NEW YORK (Reuters) - Sotheby's auctioned a tiny, ancient Mesopotamian sculpture for $57 million on Wednesday, a record sum for any sculpture or antiquity sold at auction.
The Guennol Lioness is a 3.25-inch (8.3-cm) tall white limestone figure created 5,000 years ago in Mesopotamia -- the cradle of civilization between the Tigris and Euphrates rivers mostly in modern Iraq and Iran. The sculpture is considered one of the last known masterworks from its era in private hands, the auction house said.
The buyer's identity was not revealed.
The price of $57.16 million topped the previous record of $29.16 million for a sculpture sold at auction that was held by Picasso's "Tete de femme (Dora Maar)" which went for $29.16 million in November, Sotheby's said.

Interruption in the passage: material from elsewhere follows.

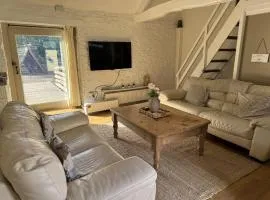 The Parlour Cotswolds Farm Stay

The previous record for an antiquity was $28.6 million for a 2,000-year-old Roman bronze sold in June.
The Guennol Lioness was put up for sale by a trust established by the collectors Alastair Bradley Martin and his wife Edith, who acquired the piece in 1948. The proceeds were to benefit a charitable trust, Sotheby's said.
"The successful bidder ... will have the distinction of owning one of the oldest, rarest and most beautiful works of art from the ancient world," Richard Keresey, head of Sotheby's antiquities department, said in a news release ahead of the auction.